The // in "/div/table//table//td" allows expat to skip layers of elements, reaching anywhere under /div/table

In [168]:
tds = LibExpat.find(et, "/div/table//table//td")
Out[168]:
31-element Array{ETree,1}:
 <td class="table_header" align="left" colspan="15">Flight Info - NXXXXXX(Rogers Bleeblah #)  </td>
 <td class="table_row_header" valign="middle" align="left" width="">Date</td>                      
 <td class="table_row_header" valign="middle" align="left" width="">Origin</td>                    
 <td class="table_row_header" valign="middle" align="left" width="">Dest</td>                      
 <td class="table_row_header" valign="middle" align="left" width="">Depart</td>                    
 <td class="table_row_header" valign="middle" align="left" width="">Arrive</td>                    
 <td class="table_row_header" valign="middle" align="left" width="">Hobbs</td>                     
 <td class="table_row_header" valign="middle" align="left" width="">Flight Time</td>               
 <td class="table_row_header" valign="middle" align="left" width="">Ground Time</td>               
 <td class="table_row_header" valign="middle" align="left" width="">Flight Distance</td>           
 <td class="table_row_header" valign="middle" align="left" width="">Taxi Distance</td>             
 <td class="table_row_header" valign="middle" align="left" width="">Fuel</td>                      
 <td class="table_row_header" valign="middle" align="left" width="">Fuel/hr</td>                   
 ⋮                                                                                                 
 <td class="table_td" valign="top" align="left" width="">10:44</td>                                
 <td class="table_td" valign="top" align="left" width="">12:43</td>                                
 <td class="table_td" valign="top" align="left" width="">1.92 hrs</td>                             
 <td class="table_td" valign="top" align="left" width="">1.8 hrs (1:48)</td>                       
 <td class="table_td" valign="top" align="left" width="">0.12 hrs (0:07)</td>                      
 <td class="table_td" valign="top" align="left" width="">177.27 nm</td>                            
 <td class="table_td" valign="top" align="left" width="">1.32 nm</td>                              
 <td class="table_td" valign="top" align="left" width="">16.69 gal</td>                            
 <td class="table_td" valign="top" align="left" width="">8.68 gal/hr</td>                          
 <td class="table_td" valign="top" align="left" width="">0.09 gal/nm</td>                          
 <td class="table_td" valign="top" align="left" width="">9511 msl</td>                             
 <td class="table_td" valign="top" align="left" width="">95.21 kts</td>                            
In [169]:
el = tds[1]
Out[169]:
<td class="table_header" align="left" colspan="15">Flight Info - NXXXXXX(Rogers Bleeblah #)  </td>
In [170]:
typeof(el)
Out[170]:
ETree (constructor with 2 methods)

Just get the text of the element:

In [171]:
string(el)
Out[171]:
"<td class=\"table_header\" align=\"left\" colspan=\"15\">Flight Info - NXXXXXX(Rogers Bleeblah #)  </td>"

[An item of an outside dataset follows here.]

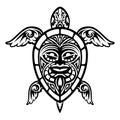 Close up Vector Turtle Polynesian Tattoo Royalty Free Stock Photo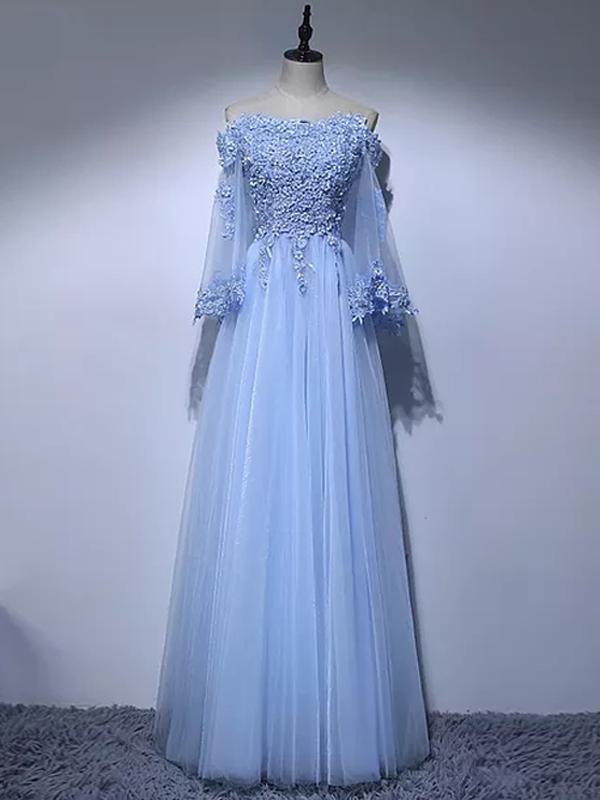 A-line Off-the-shoulder Floor-length Long Sleeve Tulle Prom Dress ...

Check the attribute Dict to identifier elements by class

In [172]:
el.attr["class"]
Out[172]:
"table_header"
In [173]:
get(el.attr, "class","")
Out[173]:
"table_header"

Build a dictionary of labels and values by parsing element payloads

To extract from dirty html, it might make sense to match on class="table_td" or class="table_row_header" and then use expat to extract payloads.

Get the flight acid

In [174]:
function parse_header( hdr )
    #hdr = strip(td.elements[1])
    hdr = strip( split(hdr,'-')[2] )
    (acid, actype) = [strip(s) for s in split(hdr,'(')]
    actype = strip(replace(actype, "#)",""))
    return (acid, actype)
end 
Out[174]:
parse_header (generic function with 1 method)
In [175]:
parse_header( "Flight Info - NXXXXXX (Rogers Bleeblah #)  " )
Out[175]:
("NXXXXXX","Rogers Bleeblah")

Extract element payloads

In [176]:
labels = ASCIIString[]
values = ASCIIString[]
hdr = ""
for td in tds
    if get(td.attr,"class","")=="table_header" 
        hdr = strip(td.elements[1])
        (acid, actype) = parse_header(hdr)
    end
    if get(td.attr,"class","")=="table_td" 
        push!(values, strip(td.elements[1]) )
    end
    if get(td.attr,"class","")=="table_row_header" 
        push!(labels, strip(td.elements[1]) )
    end
end    
In [177]:
acid, actype
Out[177]:
("NXXXXXX","Rogers Bleeblah")

Load to Dict()

In [178]:
dmap = Dict()
for (i,el) in enumerate(labels)
    v = values[i]
    if '0'<=v[end]<='9'
        dmap[el] = v
    else
        dmap[el] = split(v,' ')[1]
    end
end
dump(dmap)
Dict{Any,Any} len 15
  Flight Time: ASCIIString "1.8"
  Fuel/hr: ASCIIString "8.68"
  Gnd Speed: ASCIIString "95.21"
  Fuel: ASCIIString "16.69"
  Fuel/nm: ASCIIString "0.09"
  Hobbs: ASCIIString "1.92"
  Flight Distance: ASCIIString "177.27"
  Date: ASCIIString "Mon, May xx, 2010"
  Ground Time: ASCIIString "0.12"
  Taxi Distance: ASCIIString "1.32"
  Dest: ASCIIString "XXXX"
  ...
In [159]: